**Activity**
Retype, word for word, every line of the records below starting at the one that contains "FARO IZQUIERDO RENAULT" and ending at the one that contains "Animal Friends Mug"; include both of those lines and nothing more.

**Data provided**
━━━
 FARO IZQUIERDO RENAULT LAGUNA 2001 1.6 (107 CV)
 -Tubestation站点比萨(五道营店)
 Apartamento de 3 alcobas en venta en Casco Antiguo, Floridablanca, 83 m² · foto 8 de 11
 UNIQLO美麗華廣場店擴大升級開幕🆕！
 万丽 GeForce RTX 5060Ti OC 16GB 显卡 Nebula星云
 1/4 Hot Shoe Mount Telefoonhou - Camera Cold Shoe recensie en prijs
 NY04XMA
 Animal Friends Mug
━━━
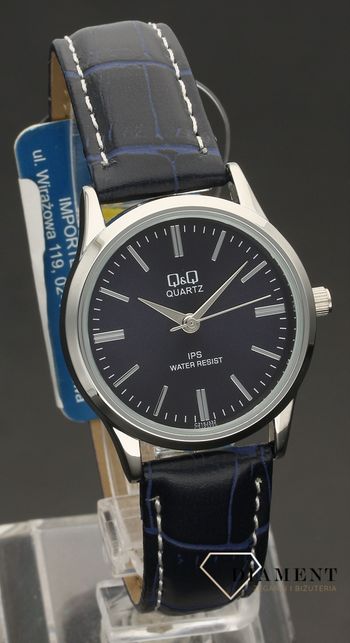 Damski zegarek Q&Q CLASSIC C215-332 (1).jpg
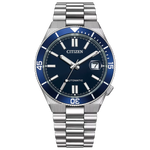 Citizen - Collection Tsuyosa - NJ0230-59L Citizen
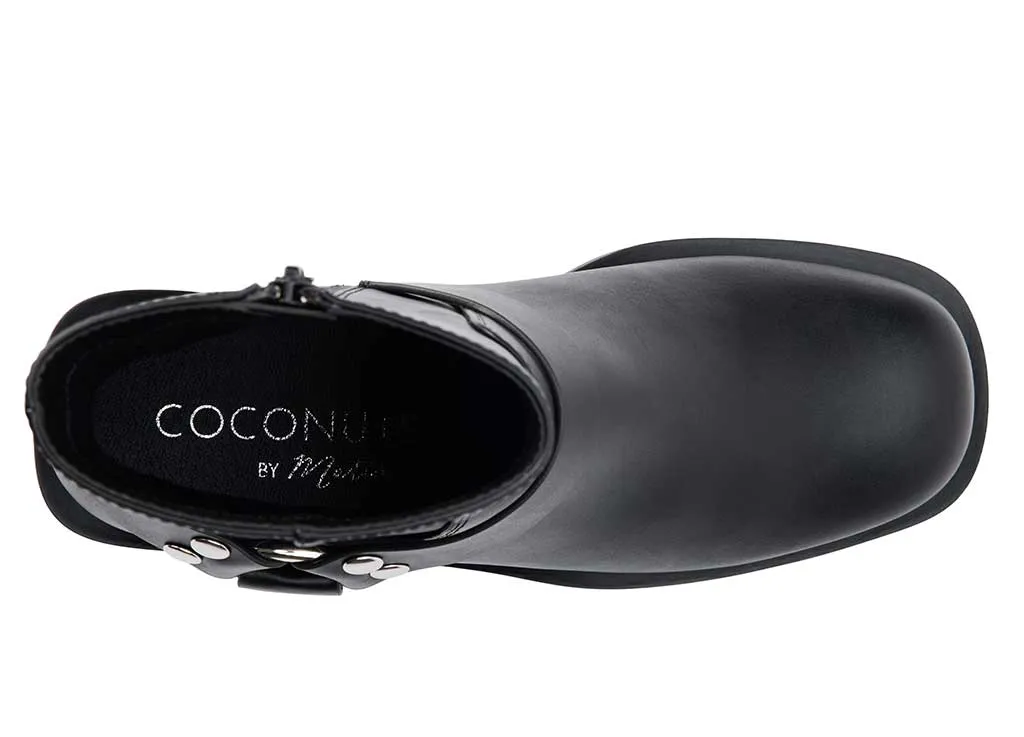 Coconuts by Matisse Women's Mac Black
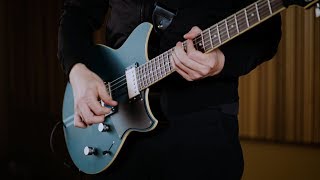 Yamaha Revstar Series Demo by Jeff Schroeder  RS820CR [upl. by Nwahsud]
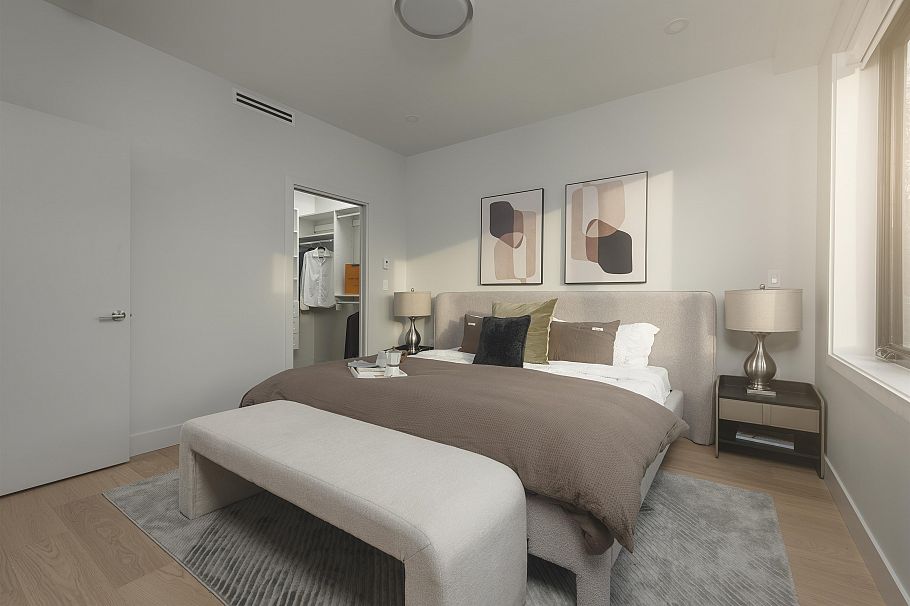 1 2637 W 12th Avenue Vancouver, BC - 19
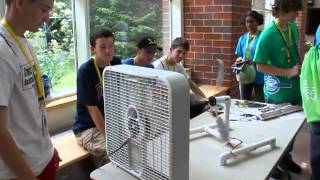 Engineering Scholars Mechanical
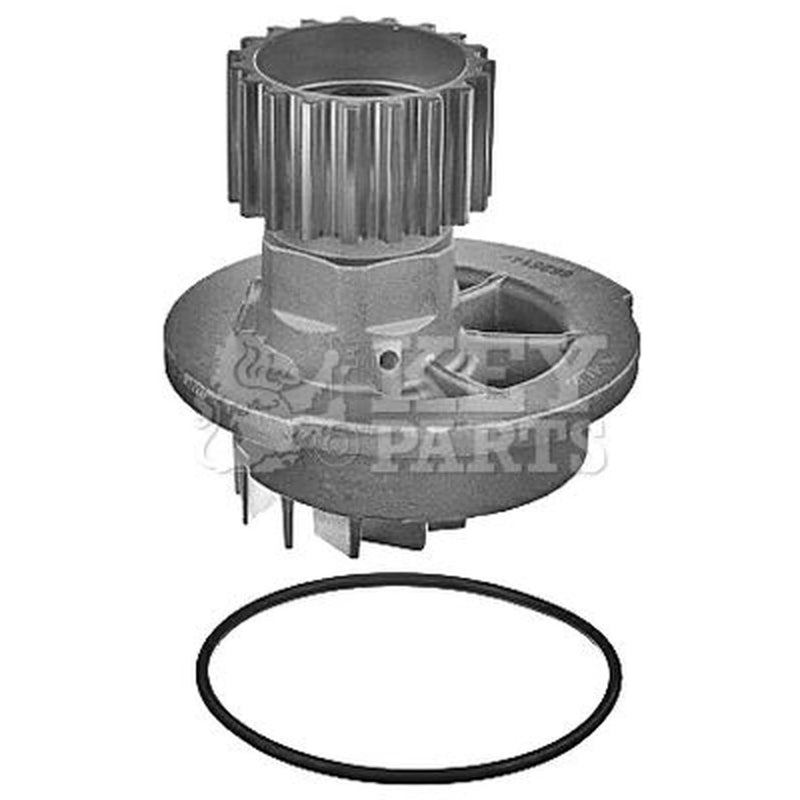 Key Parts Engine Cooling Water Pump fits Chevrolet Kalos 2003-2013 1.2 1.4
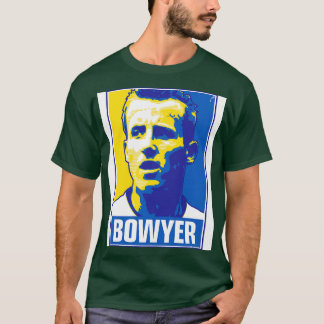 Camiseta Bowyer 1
━━━
**Solution**
 FARO IZQUIERDO RENAULT LAGUNA 2001 1.6 (107 CV)
 -Tubestation站点比萨(五道营店)
 Apartamento de 3 alcobas en venta en Casco Antiguo, Floridablanca, 83 m² · foto 8 de 11
 UNIQLO美麗華廣場店擴大升級開幕🆕！
 万丽 GeForce RTX 5060Ti OC 16GB 显卡 Nebula星云
 1/4 Hot Shoe Mount Telefoonhou - Camera Cold Shoe recensie en prijs
 NY04XMA
 Animal Friends Mug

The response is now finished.